Dataslope logoDataslope

Evaluating Clusters

Clustering has no answer key, so how do you know if the groups are any good? The silhouette score and its limits — plus why cluster evaluation is part math, part judgment.

Supervised models have it easy: there is a true label, so you can measure how often you match it. Clustering has no such luxury. It is unsupervised — you handed the algorithm data with no labels and asked it to invent groups. So when it hands back clusters, the unsettling question is: good compared to what? This chapter is about the honest answers, the most useful metric (the silhouette score), and the discipline of not letting a single number decide for you.

Why this is genuinely hard

With no ground truth, "correct" clustering is not even well-defined. The same points can be grouped several reasonable ways depending on what you care about. Customers could cluster by spending, by age, by region — none is objectively the answer. So cluster evaluation splits into two situations:

  • No labels at all (the usual case). You judge clusters by their geometry: are points in the same cluster close together, and far from other clusters? These are called internal metrics. The silhouette score is the workhorse.
  • You secretly have labels (rare, e.g. a benchmark). You can compare the clusters to the known groups with external metrics like the adjusted Rand index. Useful for research, seldom available in real problems.

Internal vs external, in a sentence

Internal metrics ask "are these clusters geometrically tight and well-separated?" using only the data. External metrics ask "do these clusters match a known ground truth?" and need labels you usually do not have. The silhouette score is internal.

The silhouette score

The silhouette score captures a simple, intuitive idea: a point is well-clustered if it is close to its own cluster and far from the nearest other cluster. For each point i:

Formally, with a(i) the average distance from point i to the other points in its own cluster, and b(i) the average distance to the points of the nearest other cluster:

s(i)=b(i)a(i)max{a(i), b(i)}s(i) = \frac{b(i) - a(i)}{\max\lbrace\,a(i),\ b(i)\,\rbrace}
  • What it measures. Per point, how much better it fits its own cluster than the nearest alternative, scaled to lie between −1 and +1.
  • s(i) near +1 — the point is much closer to its own cluster than to any other: a confident, clean assignment.
  • s(i) near 0 — the point sits on the boundary between two clusters; it could plausibly belong to either.
  • s(i) negative — the point is, on average, closer to a different cluster than its own: it was probably assigned to the wrong group.

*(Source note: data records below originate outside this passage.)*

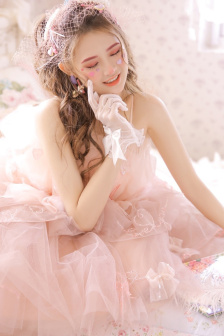 殘酷月光 林宥嘉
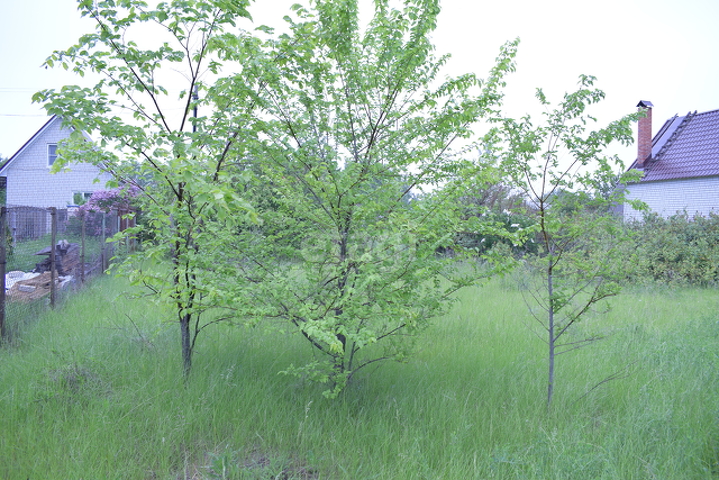 Продажа участка, Саратов, Саратовская область,  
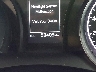 4T1G11AK1PU****** Salvage 2023 Toyota Camry in Houston South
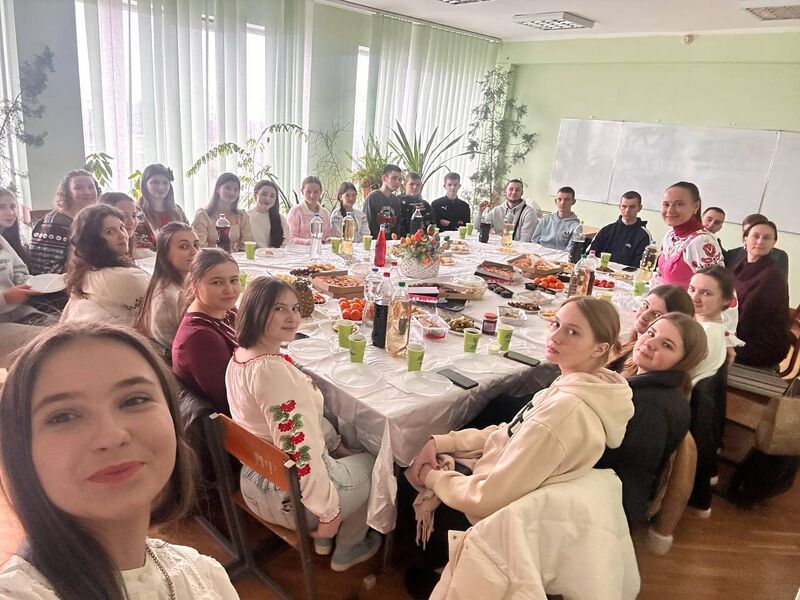 Файл:472219827 122126340422528795 472300786846719035 n.jpg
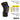 Klein 60850 Tough-Flex Knee Pad Sleeve XL/XXL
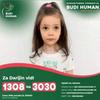 Foto Budi human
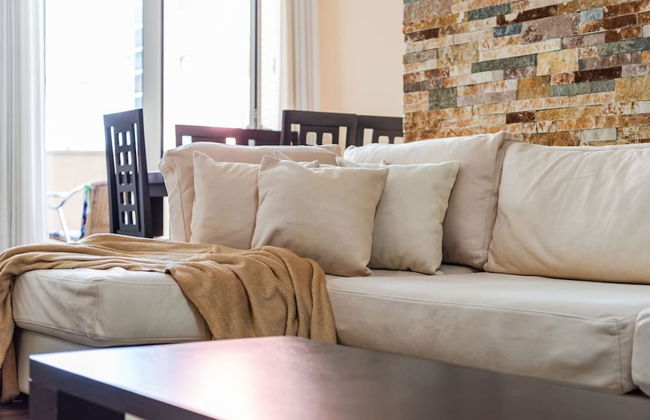 The Perfect Central Apartment - Foto 8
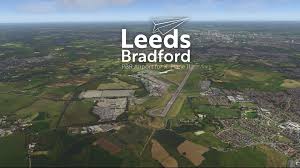 Announcement Announcing Egnm Leeds Bradford Yorkshires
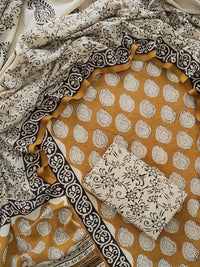 Khatri Creations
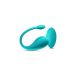Koppel Vibrator INYA Venus - Groen Koppel Vibrator INYA Venus - Groen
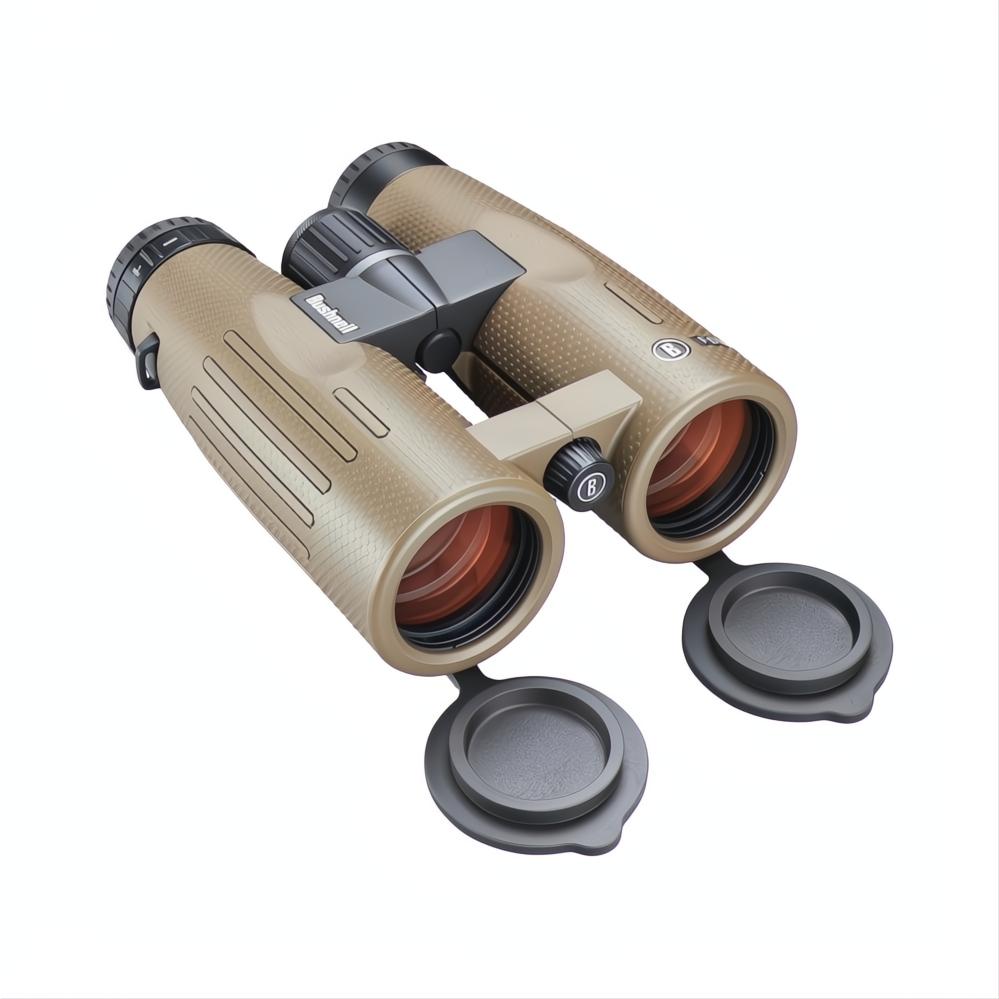 Bushnell Forge Binocular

The overall silhouette score is just the mean of s(i) across all points — one number summarizing how cleanly separated the whole clustering is.

Code Block
Python 3.13.2

For clean, well-separated blobs the score is high — close to the structure's natural quality. Note the metric used only X and the predicted labels; it never needed a true answer.

Using the silhouette score to choose k

The most practical use of the silhouette score is picking the number of clusters. Try several values of k, score each, and let the data vote.

Code Block
Python 3.13.2

The silhouette score peaks at the number of clusters the data actually has. Unlike the elbow method (which eyeballs a bend in the inertia curve), the silhouette gives a concrete number to compare, so the choice is less subjective.

The per-point silhouette plot

Averaging hides detail. The classic silhouette plot shows every point's s(i), grouped by cluster, so you can spot a cluster full of borderline or negative points even when the average looks fine.

Code Block
Python 3.13.2

Wide, tall "knives" that mostly clear the red average line are healthy clusters. A cluster whose bars are short, or that dips below zero, is a warning that those points do not really belong together — something the single average score would have quietly absorbed.

The trap: a better score is not a "more correct" clustering

Here is the most important caution in this chapter. The silhouette score rewards compact, round, well-separated clusters. When the true structure is not shaped like that, the metric can confidently prefer the wrong answer.

Code Block
Python 3.13.2

The round clustering that is wrong for this data scores higher than the crescents that are right. If you trusted the silhouette score blindly, it would lead you straight to the worse clustering. The metric is measuring geometry, not truth.

A metric measures geometry, not meaning

A higher silhouette score means "rounder, more separated clusters," which is only the same as "better" when the real structure happens to be round and separated. For elongated, nested, or irregular structure, the silhouette can reward the wrong answer. Never let it overrule what you know about the problem.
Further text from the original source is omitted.